Eleanor was a rich princess of Poitiers/Aquitaine of Western France, truly one of the most important women of her time. Whoever married her gained the allegiance of all her vassals and hence, control of her lands. She started very young as the queen of France with Louis VII (the Capet dynasty), who apparently she found something of a pedestrian bore, even though she accompanied him on the 2nd Crusade, and was feted in the greatest Christian courts before its disastrous collapse into disorder. She then got her marriage annulled (due to co-sanguinity), eventually consenting to marry a Norman Prince, Henry, who become the King of England by a chain of circumstances and luck, beginning the Plantagenet dynasty. They ruled over an empire that included the British Isles and Western France. Though officially vassals to Louis VII, their power - and Henry's genius for intrigue and war - vastly surpassed his.
Eleanor and Henry's family - they had 8 children - was the cause of a great civil war.
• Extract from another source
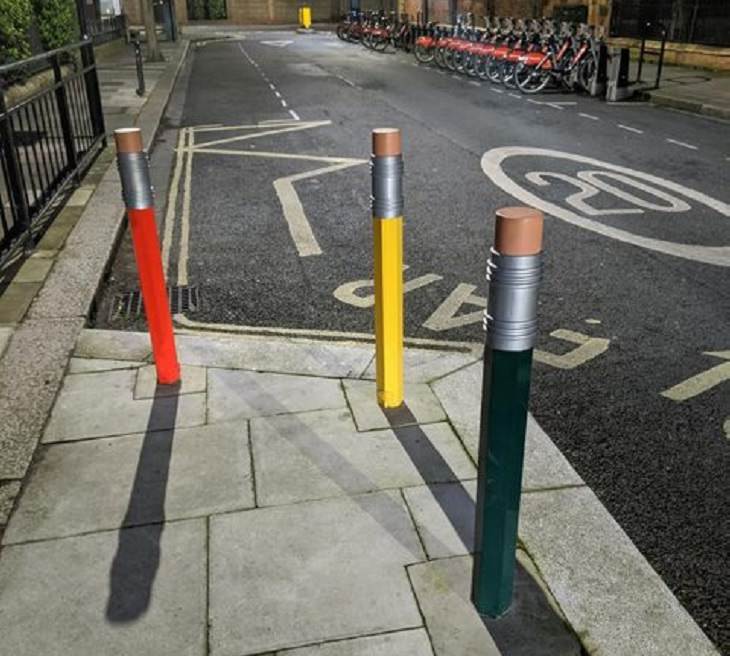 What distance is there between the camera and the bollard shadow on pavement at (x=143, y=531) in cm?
242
Apparently fed up with him, Eleanor retired to Poitiers, where she cultivated a court to train leaders that was unrivaled in its splendor and intellectual brilliance, and schemed against him. Her sons rebelled against Henry, who forgave them and imprisoned her for about 13 years, until his death. At the same time, Henry laid the foundations for the supremacy of civil law in Britain over that of Catholic Rome and defended his territories with a cruel ferocity (this a large part of the Becket story). Their sons are equally fascinating: young Henry was the preferred eldest, but he was forever at odds with his father, though he died young. The remaining one - Richard Coeur-de-Lion, Geoffrey, and John - were bitter rivals, forever seeking treacherous alliances as they maneuvered for power and succession (the plot of Lion in Winter). It is an absolutely fascinating case of dysfunction with catastrophic consequences. After so many years of stress, Henry dies during the next rebellion, feeling that his entire life was a failure. This releases Eleanor, enabling her to consolidate power in the cauldron of feudal politics, truly a fascinating portrayal of machination, betrayal, and brute force. In a way, I understood feudalism better after Klein's masterful evocation.
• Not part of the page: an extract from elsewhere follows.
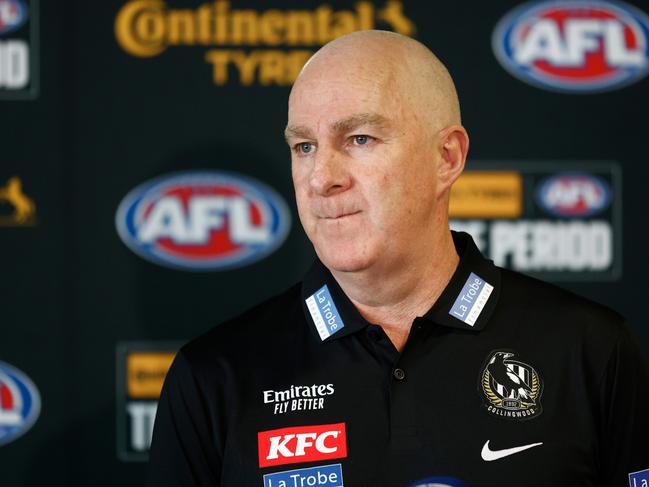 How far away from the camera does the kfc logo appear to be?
1257mm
That leaves Richard as King, who promptly goes on the 3rd Crusade, which is described in truncated form. The author admires him and portrays him as a great war leader of singular potential. It is a wonderful mini-bio. Upon his untimely death on return, it is John's turn. Meanwhile, under Philip Augustus (also in Lion in Winter), the Capets are resurgent, in spite of his weaknesses as a leader and thinker. Eleanor ends her life in uncertainty, as John's cruel style taints his kingship and alienates his vassals.
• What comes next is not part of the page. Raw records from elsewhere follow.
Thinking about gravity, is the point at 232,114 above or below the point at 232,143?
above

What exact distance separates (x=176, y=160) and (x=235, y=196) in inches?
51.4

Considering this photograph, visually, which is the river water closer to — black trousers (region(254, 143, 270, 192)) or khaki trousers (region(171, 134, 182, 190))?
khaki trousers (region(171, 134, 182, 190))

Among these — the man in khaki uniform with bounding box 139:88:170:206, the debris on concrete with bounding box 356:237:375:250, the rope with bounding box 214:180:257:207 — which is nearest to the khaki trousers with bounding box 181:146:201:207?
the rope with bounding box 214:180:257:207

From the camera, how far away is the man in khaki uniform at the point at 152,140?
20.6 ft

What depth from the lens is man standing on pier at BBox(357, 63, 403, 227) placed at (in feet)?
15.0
The prose is extremely dense, almost baroque, and it takes some getting used to, but the rewards as a reading experience are ample. I enjoyed the book so much that I didn't want it to end. That being said, it is a narrative that cannot offer the reader an up to date idea of the latest scholarship - that will have to be sought elsewhere. Also, Eleanor herself is really kind of a backdrop in this; the 4 kings are the true focus.